**EXERCISE AIM**
Repeat each entry below without omitting a single word.
○ ○ ○
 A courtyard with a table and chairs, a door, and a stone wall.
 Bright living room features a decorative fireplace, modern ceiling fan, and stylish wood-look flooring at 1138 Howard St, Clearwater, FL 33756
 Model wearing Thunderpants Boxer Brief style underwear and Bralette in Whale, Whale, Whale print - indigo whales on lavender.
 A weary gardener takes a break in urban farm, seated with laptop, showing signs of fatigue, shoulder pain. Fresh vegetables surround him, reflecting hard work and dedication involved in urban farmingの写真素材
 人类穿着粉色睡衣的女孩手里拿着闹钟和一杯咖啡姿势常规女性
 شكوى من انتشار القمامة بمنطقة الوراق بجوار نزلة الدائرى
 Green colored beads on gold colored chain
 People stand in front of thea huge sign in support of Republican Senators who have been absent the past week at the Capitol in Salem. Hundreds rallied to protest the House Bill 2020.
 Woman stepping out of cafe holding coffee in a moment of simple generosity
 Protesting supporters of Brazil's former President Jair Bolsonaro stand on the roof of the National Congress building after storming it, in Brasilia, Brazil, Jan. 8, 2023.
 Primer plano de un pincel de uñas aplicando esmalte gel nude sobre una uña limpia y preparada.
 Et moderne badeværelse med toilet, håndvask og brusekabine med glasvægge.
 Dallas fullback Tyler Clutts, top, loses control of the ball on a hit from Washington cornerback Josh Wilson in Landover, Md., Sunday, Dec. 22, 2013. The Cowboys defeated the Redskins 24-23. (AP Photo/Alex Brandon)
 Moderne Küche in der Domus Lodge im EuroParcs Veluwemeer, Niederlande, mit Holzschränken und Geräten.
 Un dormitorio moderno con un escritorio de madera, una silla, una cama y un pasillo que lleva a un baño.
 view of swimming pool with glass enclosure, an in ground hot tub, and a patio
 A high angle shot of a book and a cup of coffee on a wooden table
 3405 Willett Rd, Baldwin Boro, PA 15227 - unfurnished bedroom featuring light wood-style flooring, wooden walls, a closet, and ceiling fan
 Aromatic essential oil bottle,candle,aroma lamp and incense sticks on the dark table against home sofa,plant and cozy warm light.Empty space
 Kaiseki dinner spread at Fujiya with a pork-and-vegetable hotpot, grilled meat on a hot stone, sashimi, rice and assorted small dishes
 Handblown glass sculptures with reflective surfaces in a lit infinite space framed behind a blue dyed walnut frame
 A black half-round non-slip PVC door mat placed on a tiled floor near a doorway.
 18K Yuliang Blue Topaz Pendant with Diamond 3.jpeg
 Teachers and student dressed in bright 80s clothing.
○ ○ ○
**THE COMPLETED TASK**
 A courtyard with a table and chairs, a door, and a stone wall.
 Bright living room features a decorative fireplace, modern ceiling fan, and stylish wood-look flooring at 1138 Howard St, Clearwater, FL 33756
 Model wearing Thunderpants Boxer Brief style underwear and Bralette in Whale, Whale, Whale print - indigo whales on lavender.
 A weary gardener takes a break in urban farm, seated with laptop, showing signs of fatigue, shoulder pain. Fresh vegetables surround him, reflecting hard work and dedication involved in urban farmingの写真素材
 人类穿着粉色睡衣的女孩手里拿着闹钟和一杯咖啡姿势常规女性
 شكوى من انتشار القمامة بمنطقة الوراق بجوار نزلة الدائرى
 Green colored beads on gold colored chain
 People stand in front of thea huge sign in support of Republican Senators who have been absent the past week at the Capitol in Salem. Hundreds rallied to protest the House Bill 2020.
 Woman stepping out of cafe holding coffee in a moment of simple generosity
 Protesting supporters of Brazil's former President Jair Bolsonaro stand on the roof of the National Congress building after storming it, in Brasilia, Brazil, Jan. 8, 2023.
 Primer plano de un pincel de uñas aplicando esmalte gel nude sobre una uña limpia y preparada.
 Et moderne badeværelse med toilet, håndvask og brusekabine med glasvægge.
 Dallas fullback Tyler Clutts, top, loses control of the ball on a hit from Washington cornerback Josh Wilson in Landover, Md., Sunday, Dec. 22, 2013. The Cowboys defeated the Redskins 24-23. (AP Photo/Alex Brandon)
 Moderne Küche in der Domus Lodge im EuroParcs Veluwemeer, Niederlande, mit Holzschränken und Geräten.
 Un dormitorio moderno con un escritorio de madera, una silla, una cama y un pasillo que lleva a un baño.
 view of swimming pool with glass enclosure, an in ground hot tub, and a patio
 A high angle shot of a book and a cup of coffee on a wooden table
 3405 Willett Rd, Baldwin Boro, PA 15227 - unfurnished bedroom featuring light wood-style flooring, wooden walls, a closet, and ceiling fan
 Aromatic essential oil bottle,candle,aroma lamp and incense sticks on the dark table against home sofa,plant and cozy warm light.Empty space
 Kaiseki dinner spread at Fujiya with a pork-and-vegetable hotpot, grilled meat on a hot stone, sashimi, rice and assorted small dishes
 Handblown glass sculptures with reflective surfaces in a lit infinite space framed behind a blue dyed walnut frame
 A black half-round non-slip PVC door mat placed on a tiled floor near a doorway.
 18K Yuliang Blue Topaz Pendant with Diamond 3.jpeg
 Teachers and student dressed in bright 80s clothing.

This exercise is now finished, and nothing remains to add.